# Shin Gojira/Godzilla Resurgence



## ParamountYak (Jul 17, 2016)

She is beautiful and I love her. 

Anyone else excited for Hideaki Anno and Shinji Higuchi's upcoming Godzilla reboot?


----------



## Yakamaru (Jul 17, 2016)

I can't get behind those eyes, mate. Fucking creeps me out, as if Godzilla found something reeeeeeally interesting, cartoon style.


----------



## ParamountYak (Jul 20, 2016)

Yakamaru said:


> I can't get behind those eyes, mate. Fucking creeps me out, as if Godzilla found something reeeeeeally interesting, cartoon style.



Looks better in motion.






I can't get beyond how sad Godzilla looks... I recall reading somewhere that Ishiro Honda said that Godzilla was tragic, because Godzilla was a victim of Atomic Testing before becoming the living embodiment of Radioactive terror.
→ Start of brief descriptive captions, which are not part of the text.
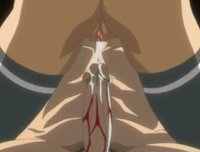 Creamy and bloody ritual hentai sex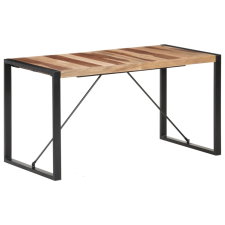 vidaXL tömör fa étkezőasztal paliszander felülettel 140 x 70 x 75 cm bútor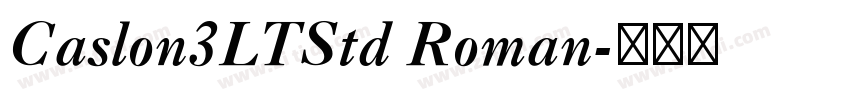 Caslon3LTStd Roman字体转换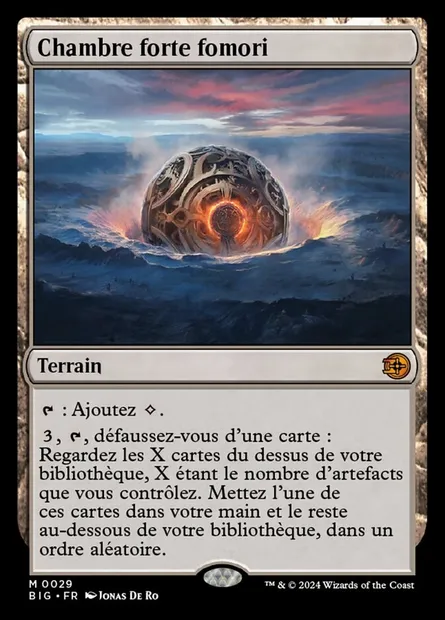 Chambre forte fomori, carte Magic BIG 29 — extension The Big Score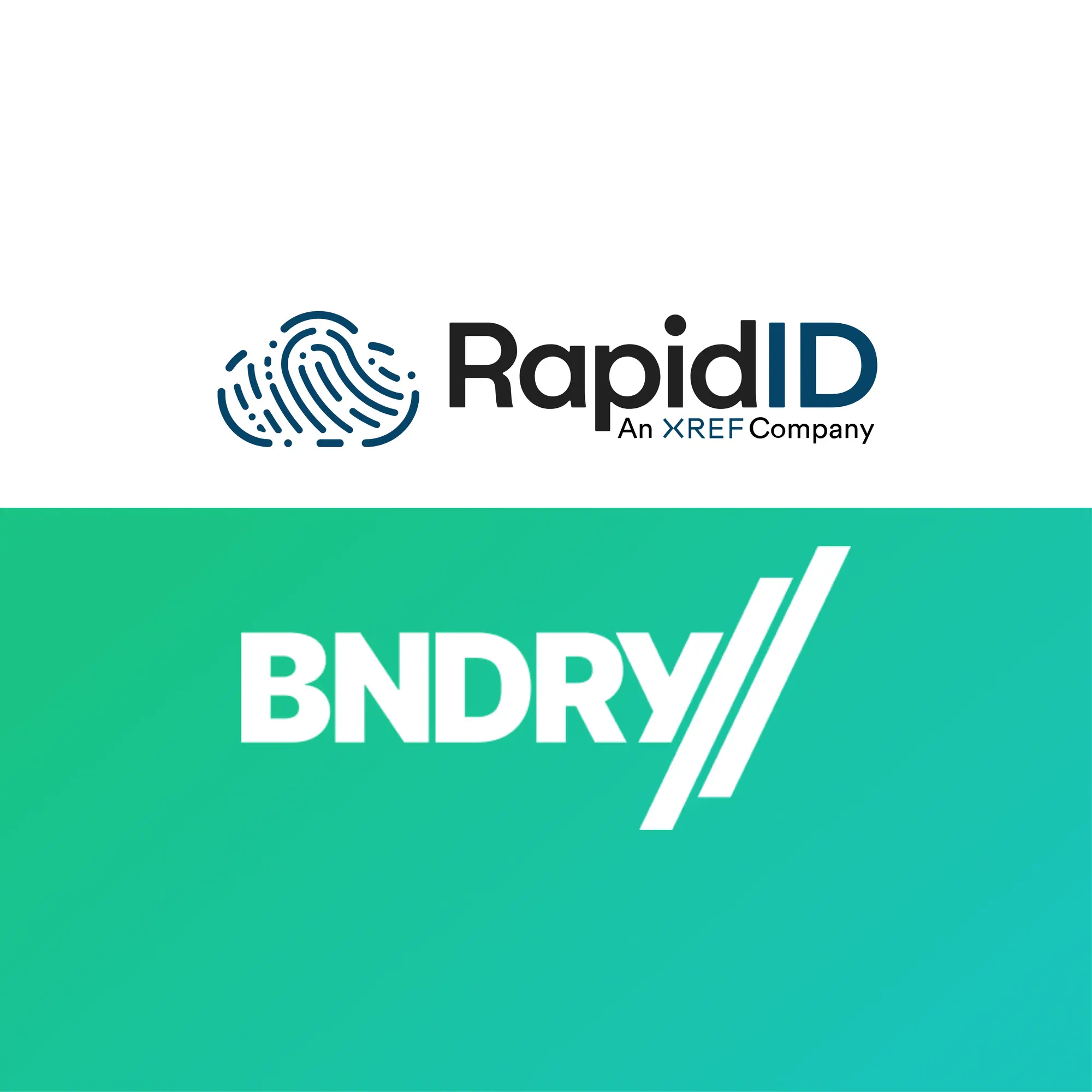 RapidID logo and BNDRY Logo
And I know for a fact that he once said that the tragedy of the Kaiju is that they were born too big and too powerful to exist in modern society. 

And I definitely see a lot of sadness and rage in this design. Like she's in pain. They've created real pathos for the creature, at least in the design, and the music choice for the trailer certainly highlights that pathos.


----------